# Task statement
An exact copy of all the data below is needed, without its pictures.

** Supplied data follows **

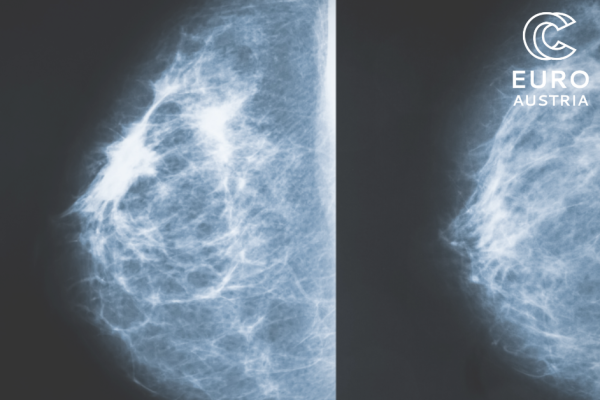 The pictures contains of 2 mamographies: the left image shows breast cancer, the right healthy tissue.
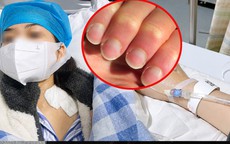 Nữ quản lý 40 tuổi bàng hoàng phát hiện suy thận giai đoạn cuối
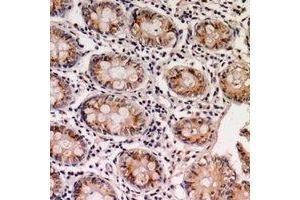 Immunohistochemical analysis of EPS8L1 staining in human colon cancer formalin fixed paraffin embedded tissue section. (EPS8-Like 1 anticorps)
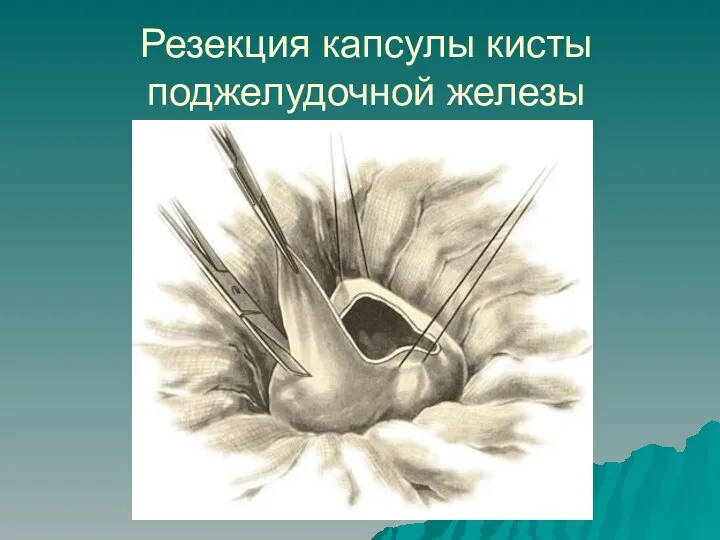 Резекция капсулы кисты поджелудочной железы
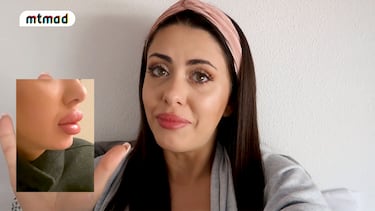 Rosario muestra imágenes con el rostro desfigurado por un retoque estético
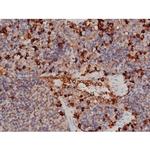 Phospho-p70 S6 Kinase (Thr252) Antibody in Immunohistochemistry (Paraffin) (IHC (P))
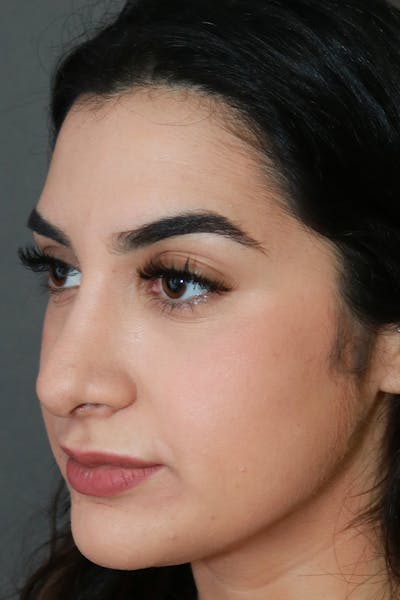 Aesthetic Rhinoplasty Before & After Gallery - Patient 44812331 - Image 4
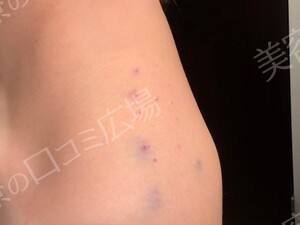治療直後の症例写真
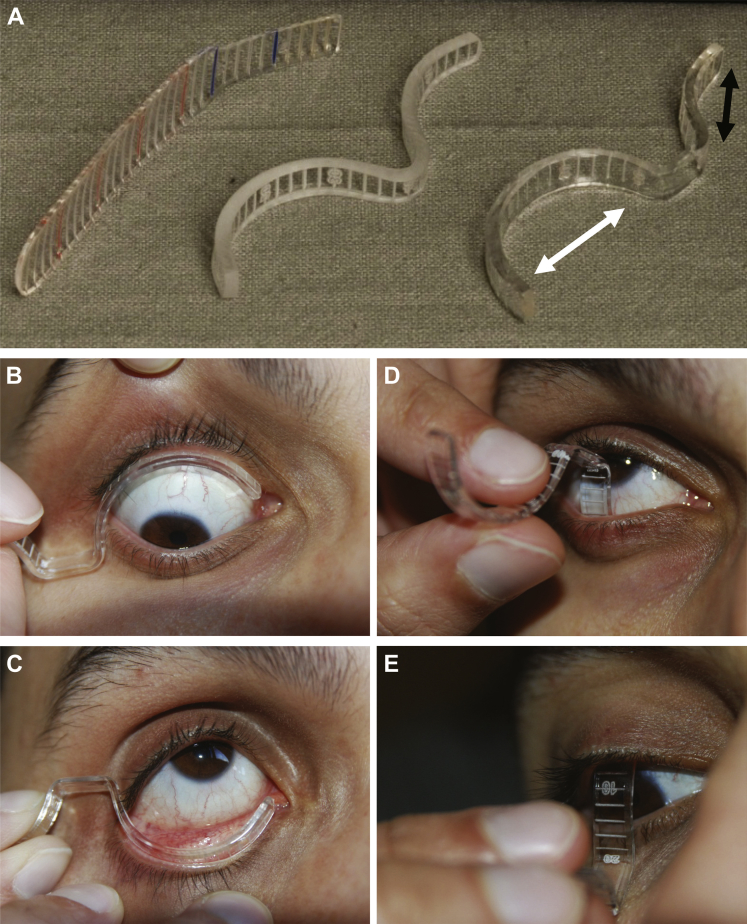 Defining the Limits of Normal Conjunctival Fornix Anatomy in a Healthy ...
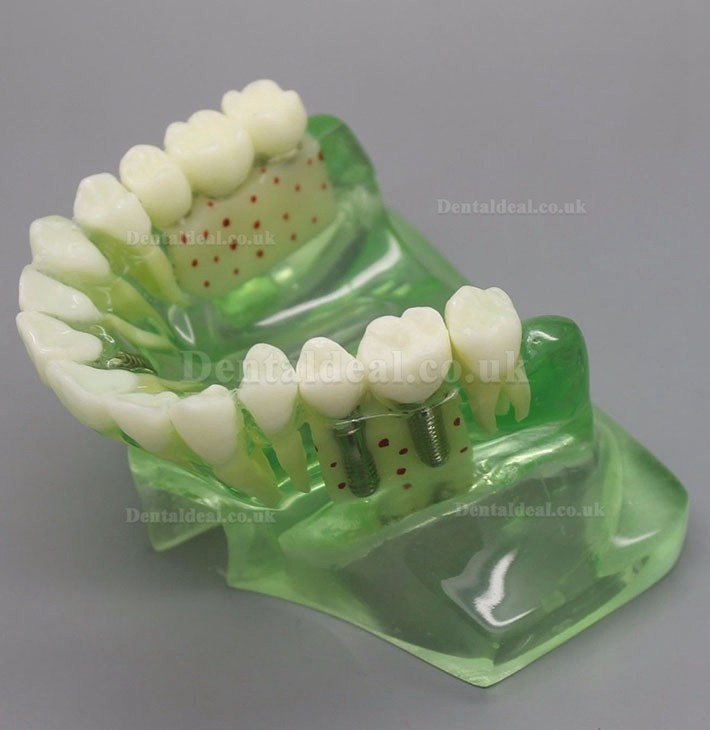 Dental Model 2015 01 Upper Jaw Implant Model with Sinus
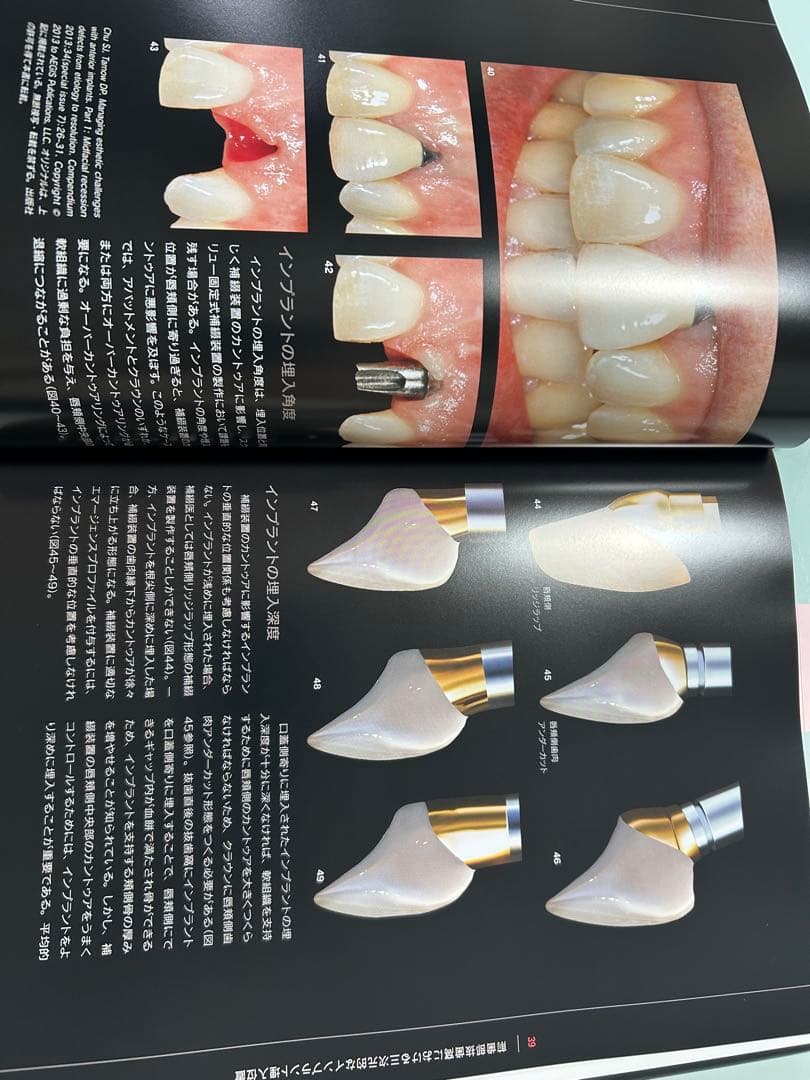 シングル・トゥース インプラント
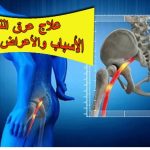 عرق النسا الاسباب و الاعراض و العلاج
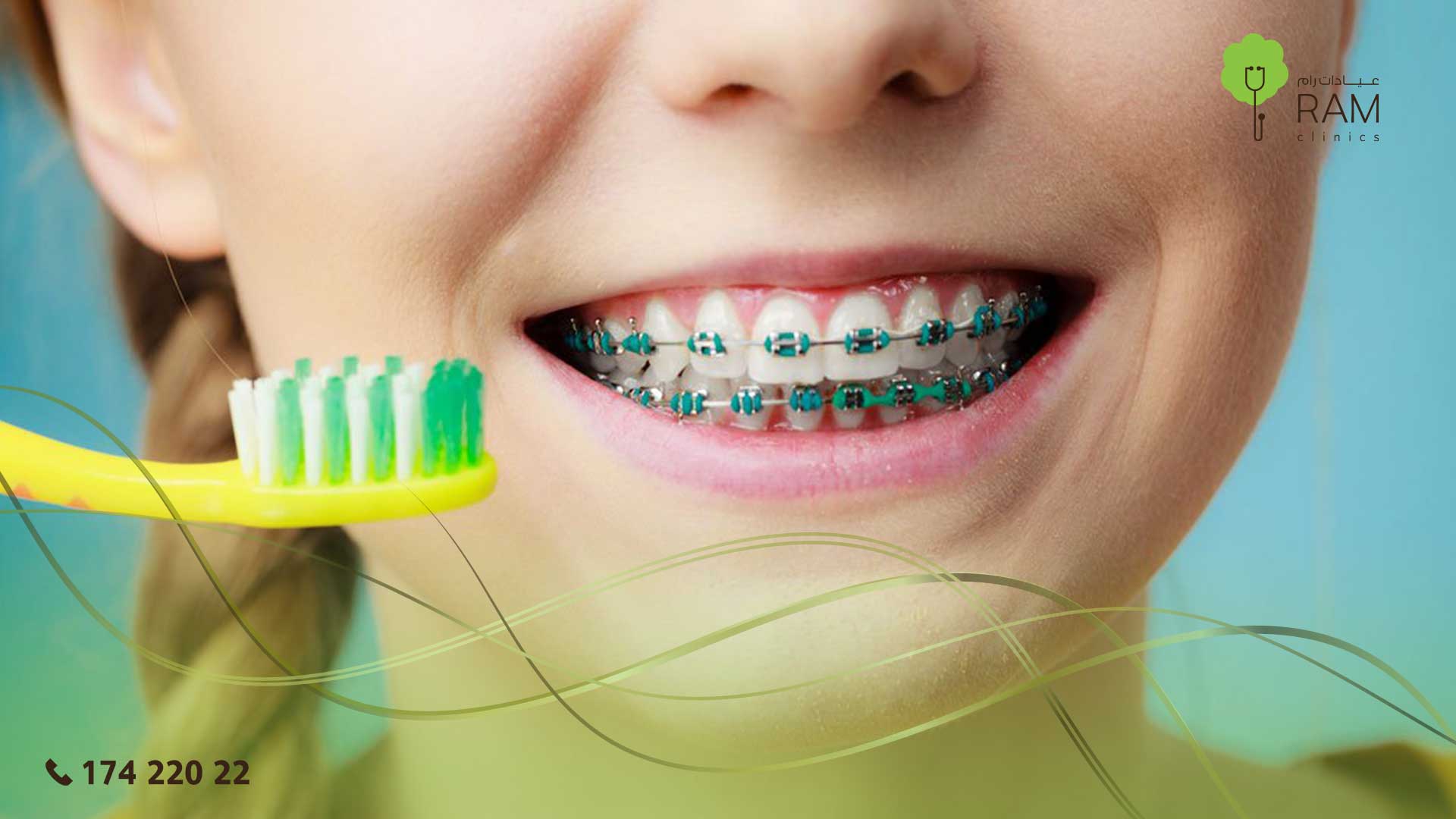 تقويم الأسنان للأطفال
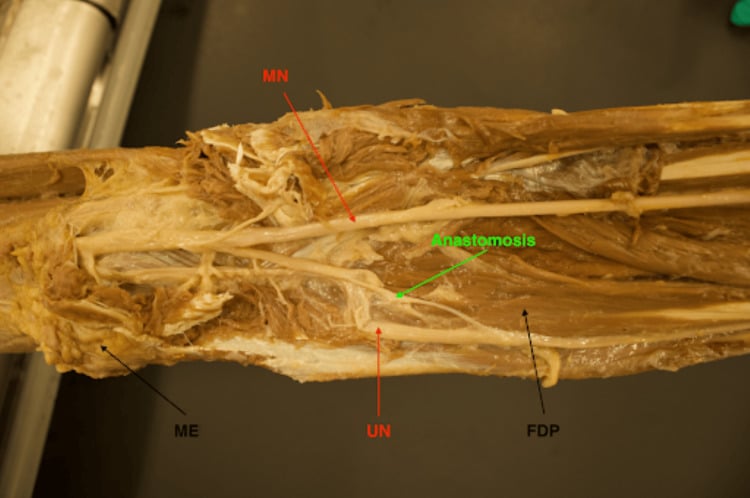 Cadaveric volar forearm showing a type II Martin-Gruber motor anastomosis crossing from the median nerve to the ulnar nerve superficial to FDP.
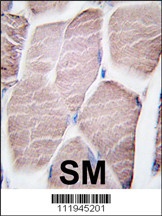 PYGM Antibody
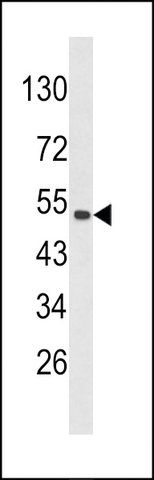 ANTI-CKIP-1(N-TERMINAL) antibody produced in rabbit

** End of Supplied data **

# Expected output
 The pictures contains of 2 mamographies: the left image shows breast cancer, the right healthy tissue.
 Nữ quản lý 40 tuổi bàng hoàng phát hiện suy thận giai đoạn cuối
 Immunohistochemical analysis of EPS8L1 staining in human colon cancer formalin fixed paraffin embedded tissue section. (EPS8-Like 1 anticorps)
 Резекция капсулы кисты поджелудочной железы
 Rosario muestra imágenes con el rostro desfigurado por un retoque estético
 Phospho-p70 S6 Kinase (Thr252) Antibody in Immunohistochemistry (Paraffin) (IHC (P))
 Aesthetic Rhinoplasty Before & After Gallery - Patient 44812331 - Image 4
治療直後の症例写真
 Defining the Limits of Normal Conjunctival Fornix Anatomy in a Healthy ...
 Dental Model 2015 01 Upper Jaw Implant Model with Sinus
 シングル・トゥース インプラント
 عرق النسا الاسباب و الاعراض و العلاج
 تقويم الأسنان للأطفال
 Cadaveric volar forearm showing a type II Martin-Gruber motor anastomosis crossing from the median nerve to the ulnar nerve superficial to FDP.
 PYGM Antibody
 ANTI-CKIP-1(N-TERMINAL) antibody produced in rabbit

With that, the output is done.